Reach Back defined costs

Friday 22 January 2021

I would like to get clarification on the meaning and use of ‘define costs’ when calculating a quotation for a CE.

My understanding of clause 52 is that ‘defined costs’ = rates and fees that are stated in the CD. (Rates means SSCC rates.) Open market rates or Competitively tender rates inclusive of deduction etc.

To assess a CE we default to use the Define Costs procedure stated in the contract therefore the following can be used;

• BoQ rates (if both parties agree CE can be assessed using BoQ only) 
• SSCC Rates- to assess a CE inclusive of the fee
• Other amount at open market rates
• Competitively tendered price (BoQ rates?)
• Calculated using both SSCC and BoQ to calculate the costs impact of the CE's?

Scenario; NEC 4 opt B

Contractor has been issued a Scope change Cl 60.1 (1). This CE has changed an element of works that was previous included in the BoQ. The CE has changed the element where by the original BOQ rates are not applicable I.e. Installation has increased in depth and width from original design.

The Contractor calculated the CE using both the BoQ rates and SSCC rates. SSCC was used to calculated the new design in totality and the BoQ rate was used to calculate the omission or credit for the original works.

Note; The BoQ rate could not be pro-rata to allow for the new works due to the changes in design, the BoQ rate is reflective of the value of the omitted works.

The PM has decided to pro rata the BoQ rate in assessing the CE. The PM is stating because the contractor has included BoQ rates in the quotation for the omission- this is consider agreement to assess the CE using BoQ rates only.

The Contractor has disagreed with the PM assessment using BoQ rates only. (See Note above)

The PM has then advised that if SSCC rates are going to be used to assess the CE- SSCC rates are also used for the omitted works. (The omitted works is already defined in BoQ- ‘Competitively tendered price’)

I do not believe the PM is correct in the calculation method proposed to assess this CE?

In general, can SSCC rates be used to assess omitted works when there is a BoQ rate already provided and when the BoQ rate is reflective of the value of the works to be omitted?

Clause 52 Competitively tenders rates can they be considered as BoQ rates?

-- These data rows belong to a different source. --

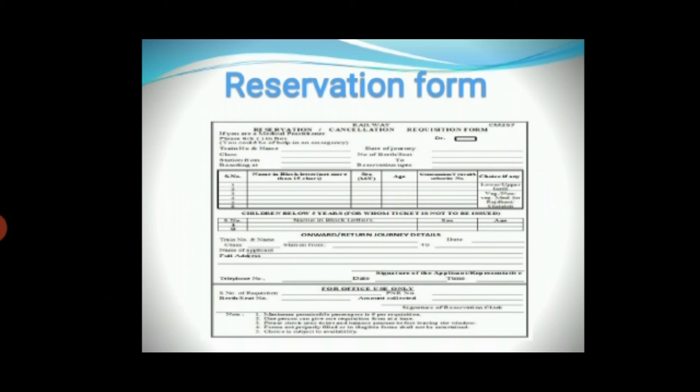After reaching the railway station, you ask the reservation form from the clerk at the reservation counter. Then you will receive the reservation form. You have to fill in the passenger details — for example, name, age, gender, and berth preference. Once you are done with the form, return it to the booking counter with payment, and you will get your ticket with a unique PNR number.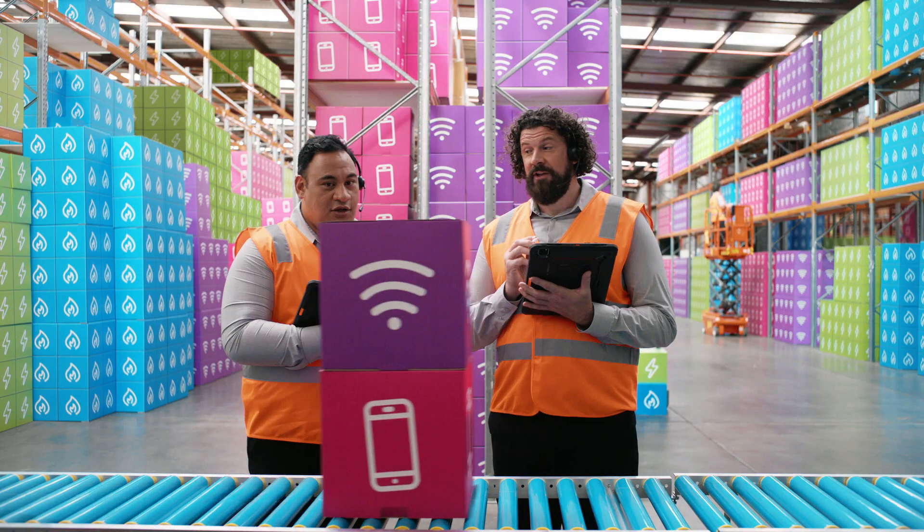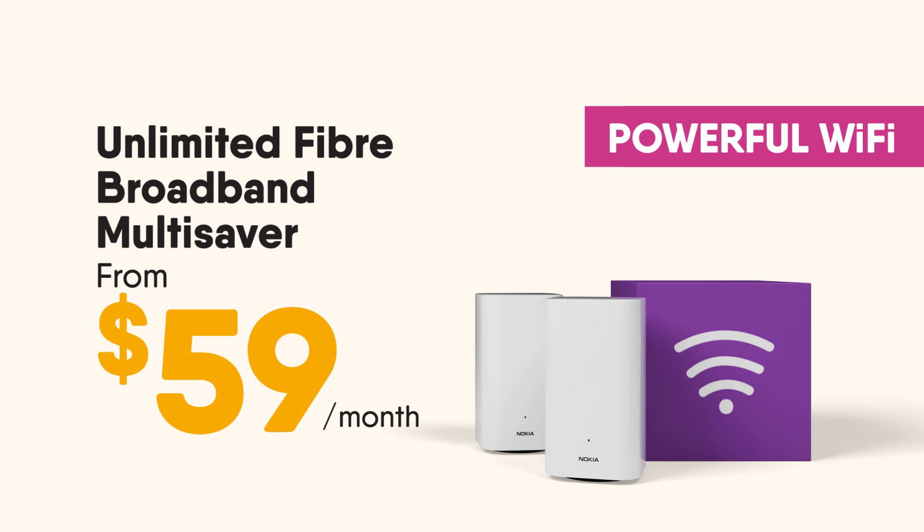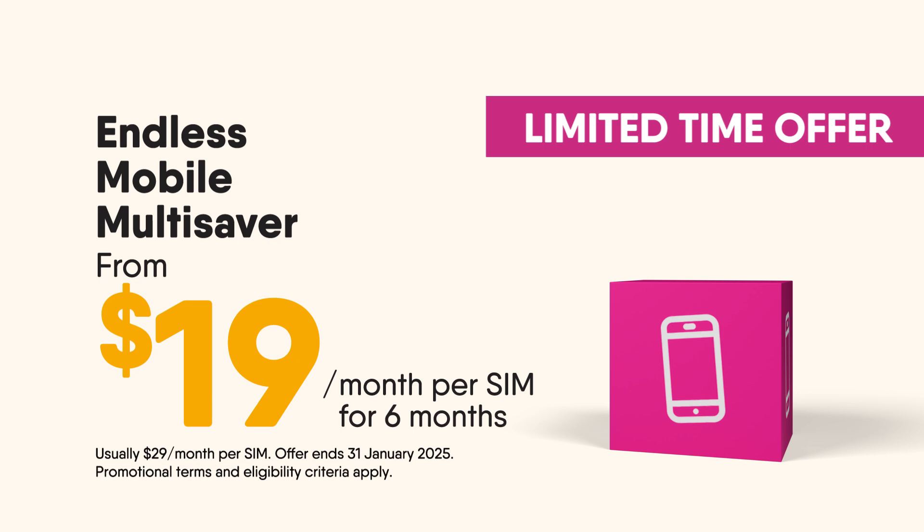This has to be our most popular multi-saver combo. Get unlimited fibre broadband with powerful Wi-Fi from just $59 a month, plus endless mobile with calls, text, and data from a super low $19 a month for six months.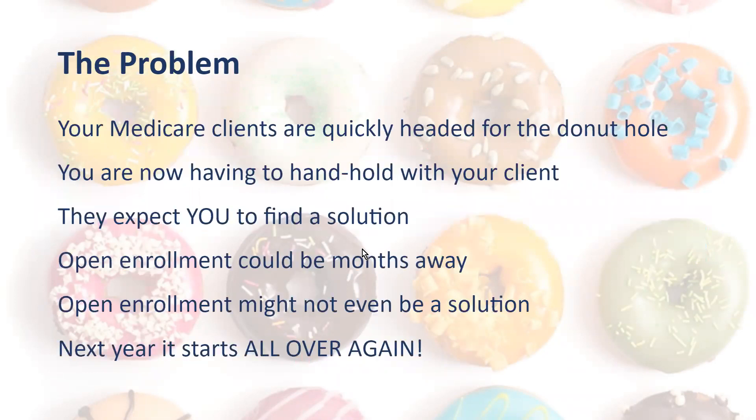Many times Medicare clients are quickly headed for the donut hole, especially mid-year. And now you're getting those phone calls and having to handhold your client. They expect you to find a solution, and open enrollment could be months away. But the dirty little secret is open enrollment might not even be a solution for them — next year, it just simply starts all over again.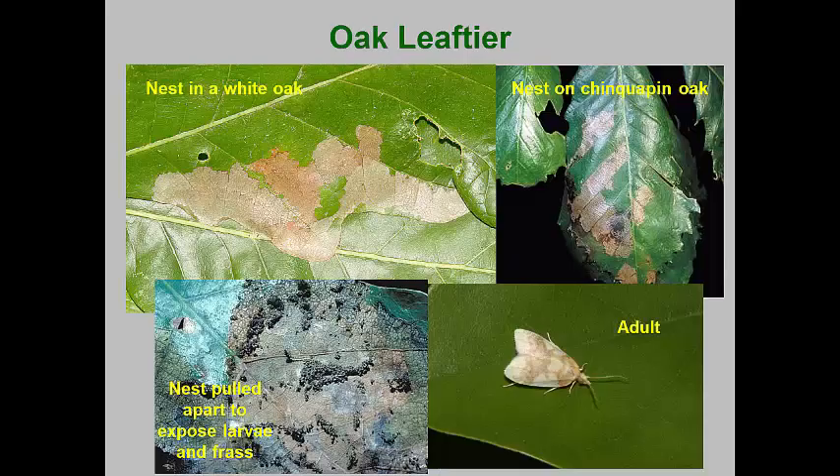Leaf tiers find two or more leaves that are touching to tie together with silk, and the larvae feed within the protection of this nest. Many trees and shrubs are attacked by specific species of leaf tying caterpillars. The oak leaf tier is a common species in eastern North America, preferring red and white oak species. Like the oak leaf roller, eggs overwinter on the bark of host trees. In early May, larvae hatch and usually mine out leaf buds before oak leaves emerge. After leaf emergence, the larvae tie together leaves and feed, often gregariously, within the shelters. By mid-June, larvae drop to the ground to pupate, and adults fly in June to July to mate and lay eggs for the next generation.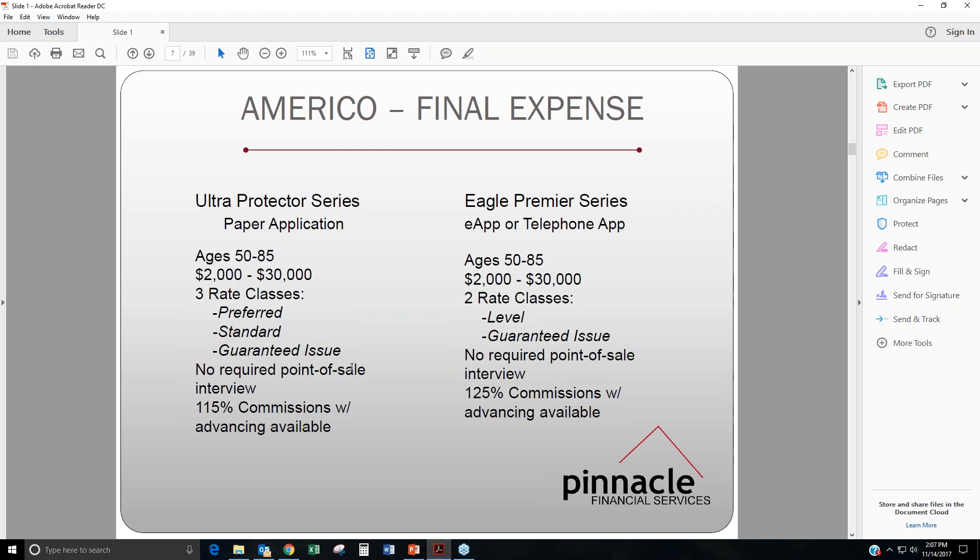Another nice feature is there's no required point of sale interview, so you're not going to have to tell your clients to wait for a phone call from the company to go over everything that they just listed on the app. With the Ultra Protector, we have street level and we can get you up to 115% commissions, and they do have advancing available.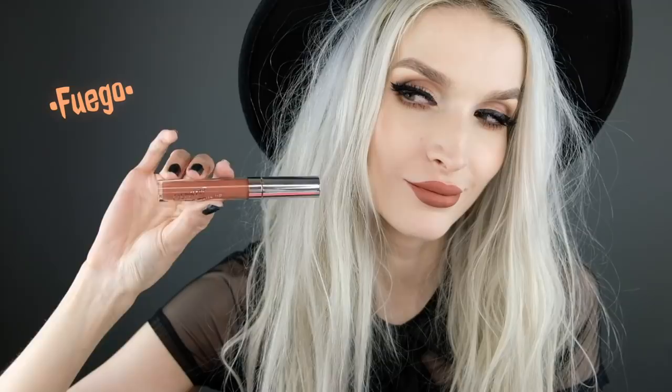Next is the shade Fuego, which looks like a really warm, toasted shade. This is one of those everyday lipsticks for me. I will most likely be wearing this every single day throughout the summer, and I think this one could go into fall as well with all of those really warm-toned eye looks and fall colors.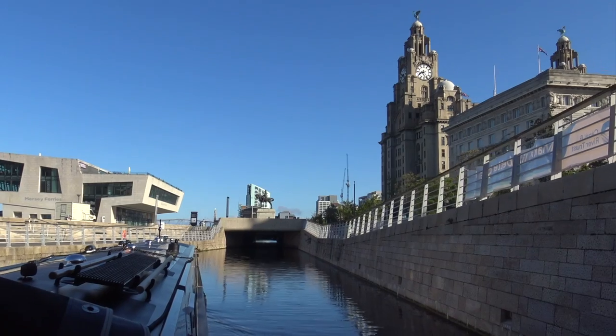It's actually not a dingy tunnel, is it? No, it's lovely and clean - it's like the cleanest tunnel I've ever seen. We're all through here. Beautiful morning.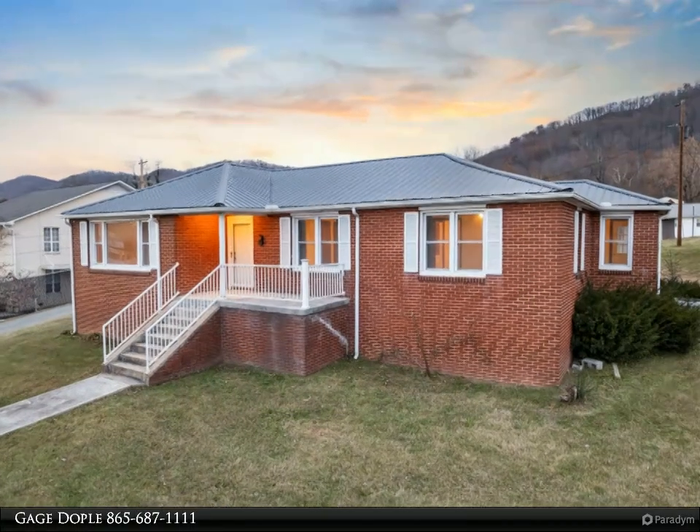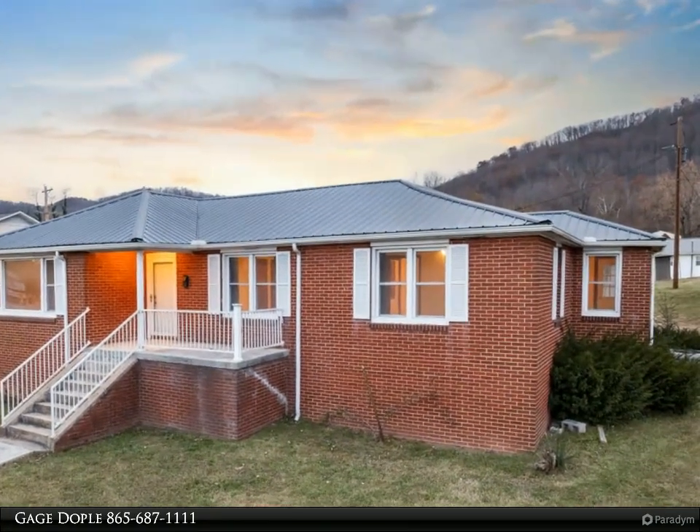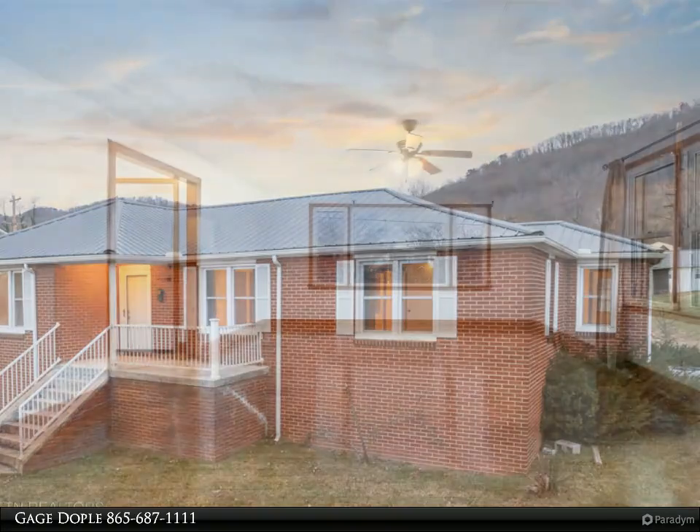This Wallace Real Estate property video is presented by Gage Doble. Check out this charming brick beauty nestled in the heart of La Follette.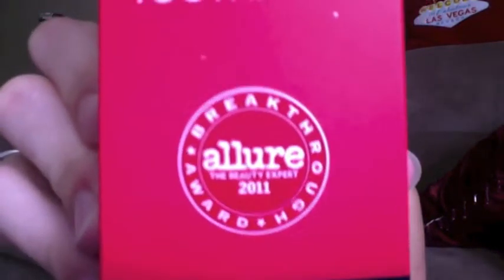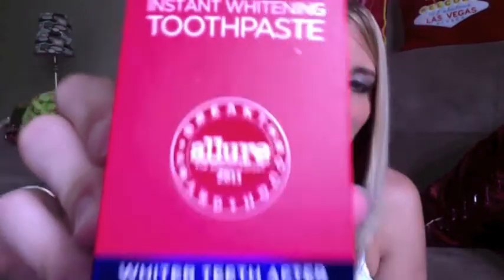I was actually kind of excited when I opened my Vox box and saw this in there, especially because it is an Allure 2011 Breakthrough Product Award, which always makes me think it's a good product. I read on the little card that it's pretty much an instant whitening toothpaste for if you need to go to an event — you're going to a wedding, or it's your wedding, or whatever other reason you may need to instantly whiten your teeth.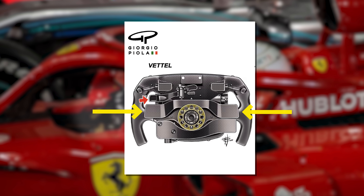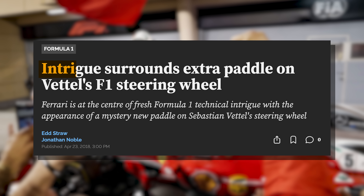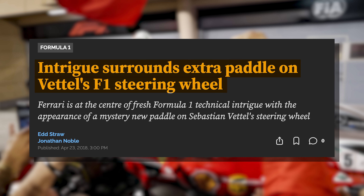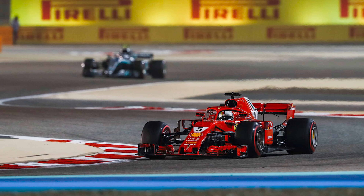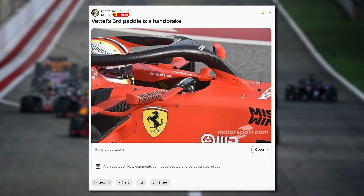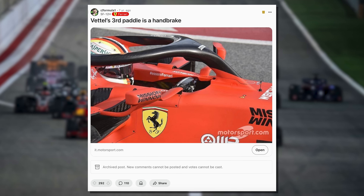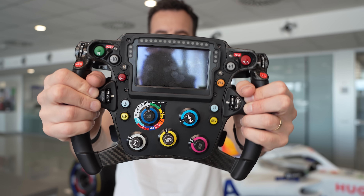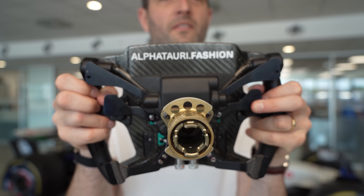Not just the standard clutch and gear change paddles that every driver uses, but something else. Soon, the entire Formula 1 world is debating this simple paddle. Technical forums are filled with theories, and rival teams study every frame of footage. The most popular theory is that it's a handbrake, giving Vettel an unfair advantage at race starts by letting him hold the car stationary with one finger while he also manages the throttle and clutch. But the truth behind Vettel's secret paddle is probably far more clever than a simple handbrake. Today, we're going inside the most complex piece of equipment that any racing driver touches — the Formula 1 steering wheel.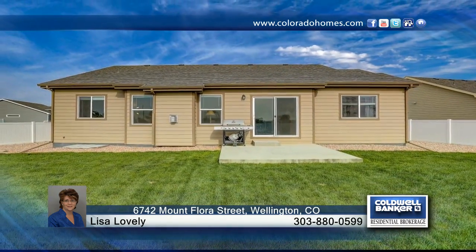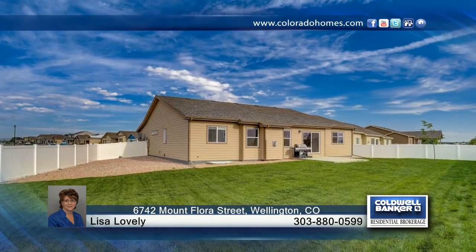See everything that this home has to offer when you call to schedule your private showing with Lisa Lovely.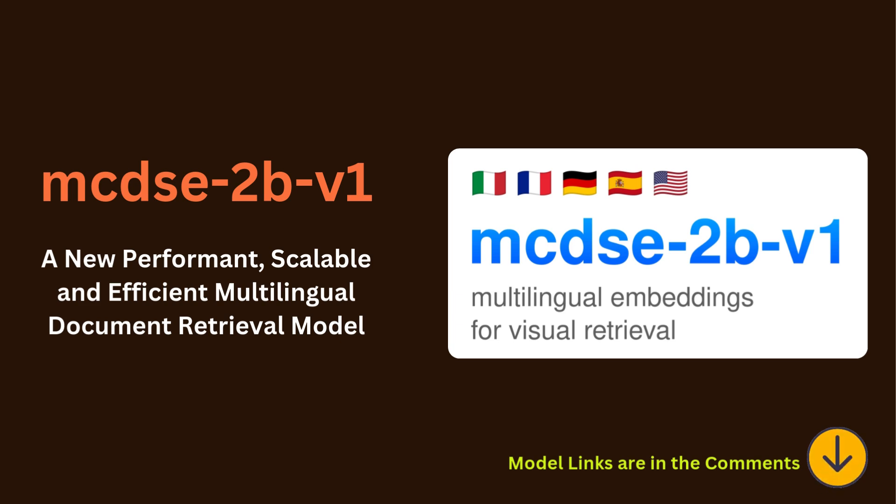Think of a designer looking for a new logo and feel. Instead of searching 'modern' or 'minimalist,' which is so limiting, they could feed MHC 2BV1 a mood board — images, textures, the whole vibe they want. The model analyzes those visuals, then suggests designs and patterns from a huge database matching that aesthetic, like an AI brainstorming partner. Similarly, a historian researching a period isn't limited to just texts — they could include artwork, architecture, even fashion. MHC 2BV1 analyzes it all and surfaces visual connections and patterns that reveal deep cultural trends.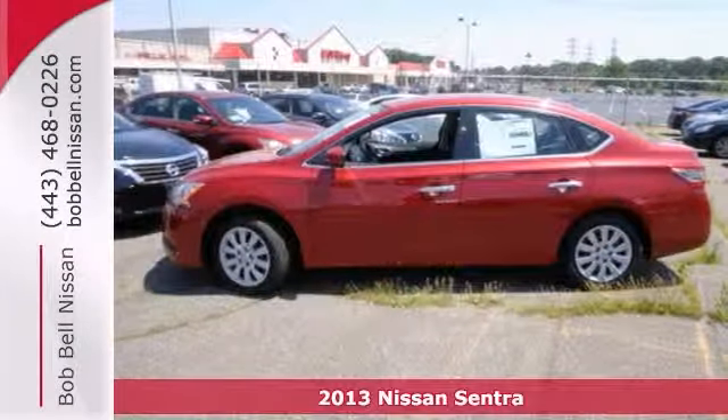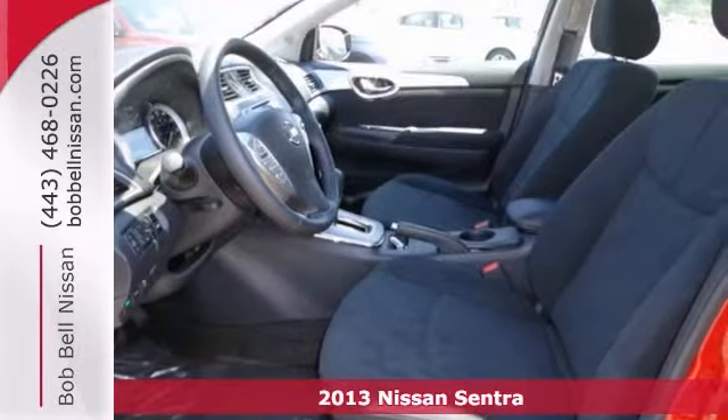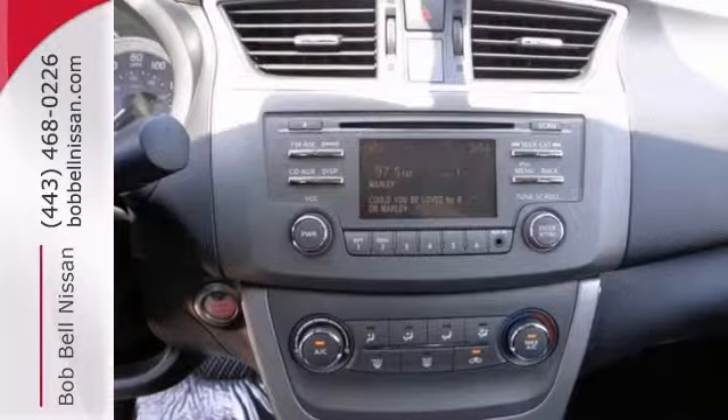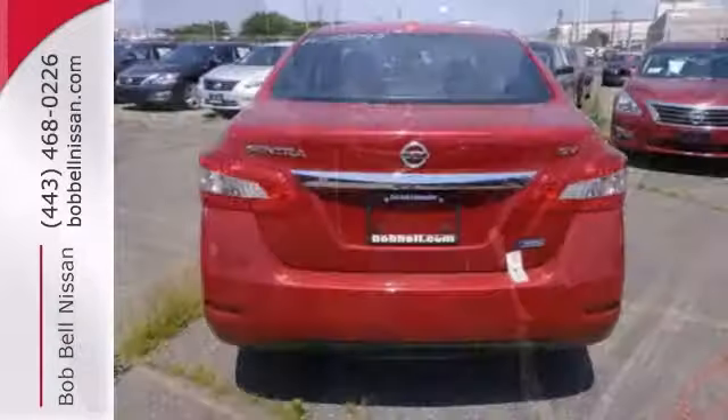One of the best things about this 2013 Nissan Sentra SV is something you can't see, but you'll be thankful for it every time you pull up to the pump. It has tons of optional equipment like the SV driver protection package, a CD player, and a multifunction steering wheel.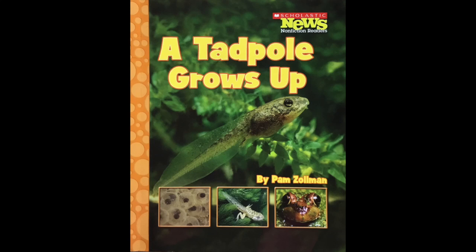Hi first graders. This is an example of a life cycle book. Notice how frogs and toads lay eggs that hatch and become tadpoles, and the tadpoles change and grow into frogs and toads, which lay eggs again and continue the cycle of life. If you're thinking of writing a life cycle book, then this one is a good example for you.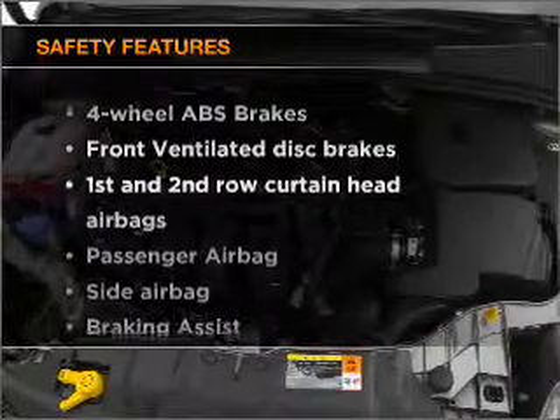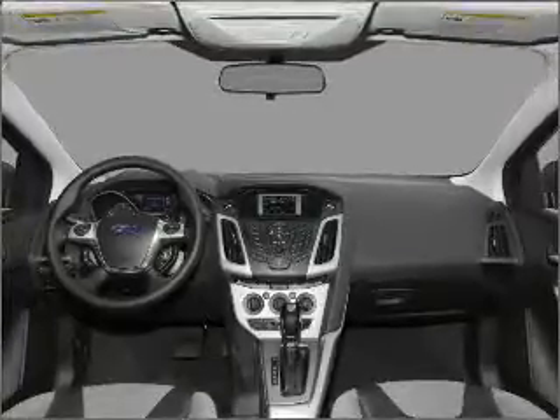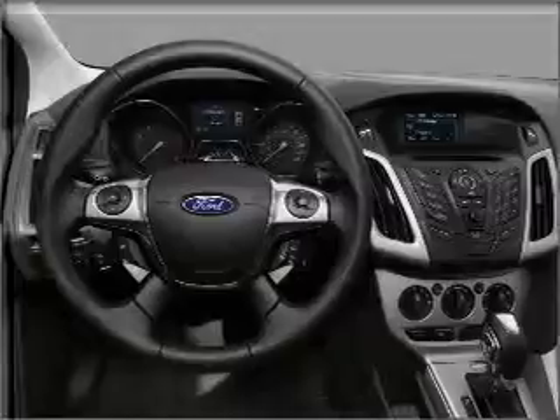If safety is a high priority, rest assured knowing that these top safety components are included: front ventilated disc brakes, passenger airbag, side airbag, curtain head airbags, and stability control.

I will put down my thoughts:

  1. Core clause 52.1 refines what is Defined Cost and applies across all payment options. The definition of Defined Cost varies from option to option and therefore that is the first place to look.
  2. Option B clause 11.2(23) says that Defined Cost is “the cost of components in the Short Schedule of Cost Components”. BoQ rates are not in the SSoCC and therefore do not count as Defined Cost. Therefore clause 52.1 does not apply to the tendered BoQ rates for original work. This answers the last line of your question.
  3. How you have assessed means you are trying to have your cake and eat it: deduct your presumably tight tendered BoQ rates (thereby minimising the deduction) and add-in additional costs using the SSoCC (thereby maximising the addition). Unless the PM agrees to the deduction under clause 63.2, it is not in accordance with the contract.
  4. Rightly or wrongly you used BoQ in your original quotation. The PM, in making his or own assessment is fundamentally altering the basis of the assessment from how you did it. To say you therefore agree to use BoQs for the whole assessment is a warped view of agreement !
  5. However, without agreement to use rates as per 63.2 for whole or part of the assessment, the PM is correct in using the SSoCC for the whole assessment i.e. the omissions are assessed using it as are the additions to arrive at the change in Defined Costs to which the fee percentage is applied.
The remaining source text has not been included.